-
Notifications
You must be signed in to change notification settings - Fork 111
Dataset API proposal
As a part of Incanter and core.matrix integration process, there is an idea to evolve existing in core.matrix dataset type and use it in Incanter.
In order to do that, Incanter dataset functions should be implemented in core.matrix.
Dataset is a matrix, i.e. it implements all matrix protocols.
Columns of dataset support heterogeneous datatypes and are uniquely identified by name of arbitrary type. On attempt of creating a column with a duplicate name, an exception should be raised.
By default, column names are incrementing Long values starting from 0, i.e. 0, 1, 2, etc
Dataset is not seqable. In order to get seq of rows, clojure.core.matrix/rows can be used.

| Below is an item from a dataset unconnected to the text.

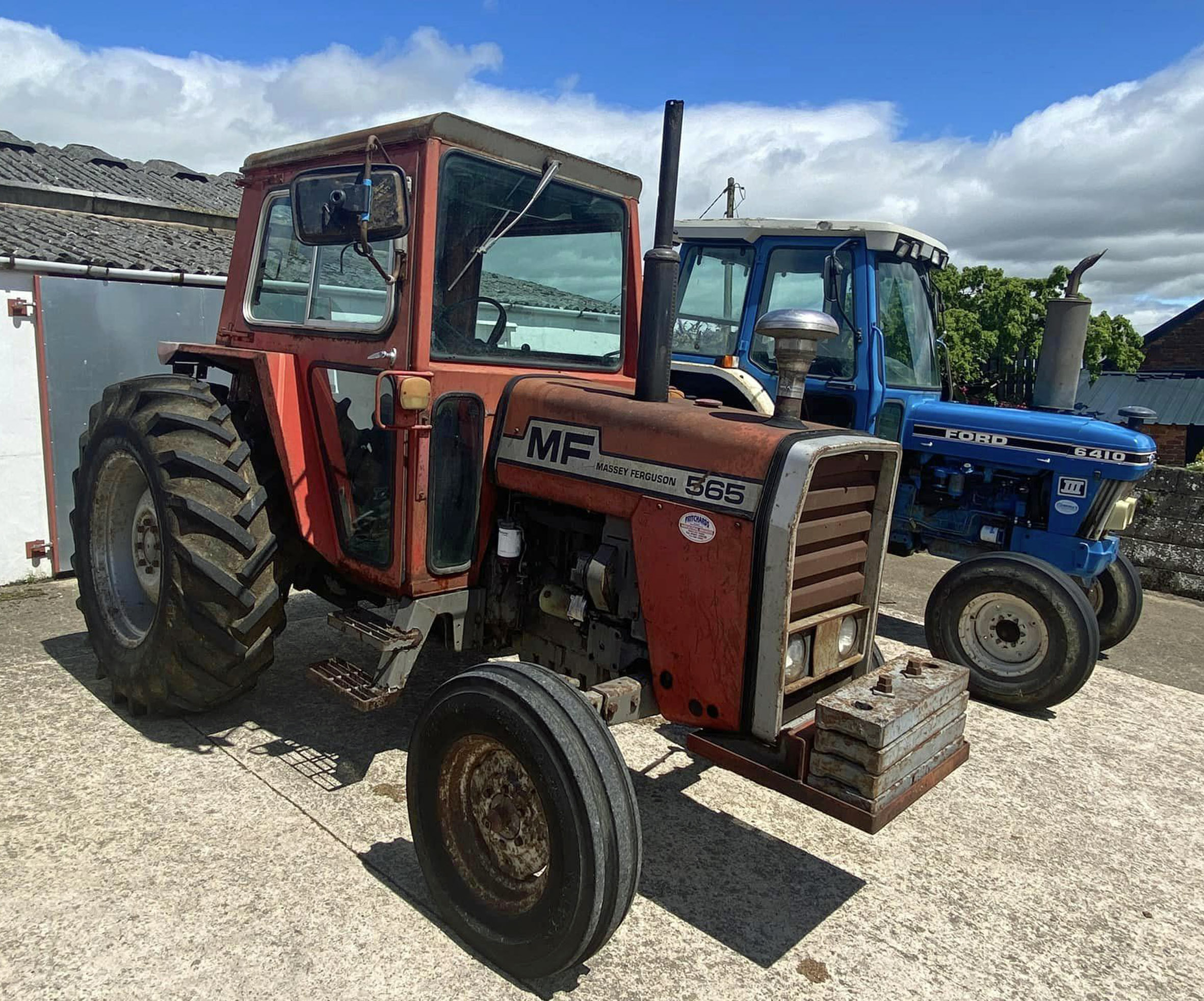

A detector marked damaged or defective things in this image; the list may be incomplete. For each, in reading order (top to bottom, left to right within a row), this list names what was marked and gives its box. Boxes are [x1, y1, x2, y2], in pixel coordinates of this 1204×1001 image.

(dataset column-names cols)
(dataset m)
Creates dataset from:
column-names and seq of columns
map of columns with associated list of values.

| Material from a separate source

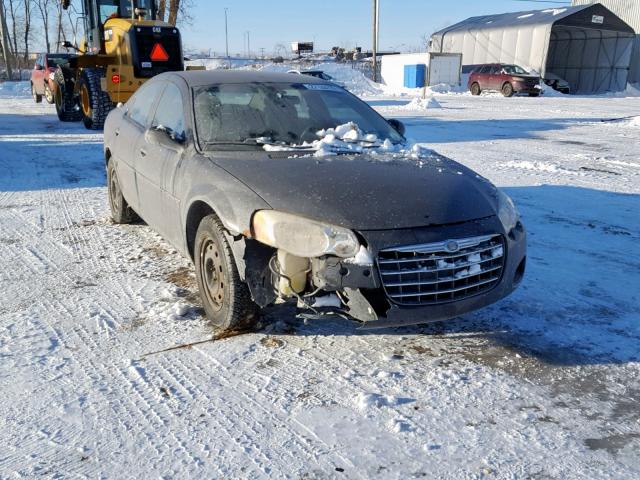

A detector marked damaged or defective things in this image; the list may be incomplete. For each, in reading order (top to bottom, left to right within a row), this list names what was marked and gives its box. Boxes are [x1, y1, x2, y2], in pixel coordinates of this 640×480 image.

broken headlight assembly [251, 209, 360, 256]
damaged black sedan [104, 70, 524, 330]
front end damage [232, 212, 528, 328]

matrix - its columns will be used as dataset columns and incrementing Long values starting from 0, i.e. 0, 1, 2, etc will be used as column names.
(column-names ds)
Returns a persistent vector containing column names in the same order as they are placed in the dataset.
(column-name ds idx)
Returns column name at given index.
(select-columns ds cols)
Produces a new dataset with the columns in the specified order.
cols is a collection of column names to be selected.
(except-columns ds cols)
Returns new dataset with all columns except specified.
cols is a collection of column names to be excluded.
(merge-columns & args)
Returns a dataset created by combining columns of the given datasets.
In case of columns with duplicate names, an exception is raised.
(add-column ds col)
Adds column to the dataset.
If a column with the same name already exists in a dataset, exception would be raised.
(rename-columns ds col-map)
Renames columns based on map of old new column name pairs.
If a column with the same name already exists in a dataset, exception would be raised.
(replace-column ds col-name vs)
Replaces column in a dataset with new values.
(update-column ds col-name f & args)
Applies function f & args to the specified column of dataset and replaces the column with the resulting new values.
(get-row ds idx)
Returns row at given index.
(conj-rows & args)
Returns a dataset created by combining the rows of the given datasets and/or collections.
(to-matrix ds)
Creates matrix from dataset.
(to-map ds)
Returns map of columns with associated list of values.
(get-element ds c r)
Returns element at given column and row.
(group-by ds cols)
Returns a map of datasets, where keys are grouping columns.
(join ds & args)
Returns a dataset created by right-joining two or datasets.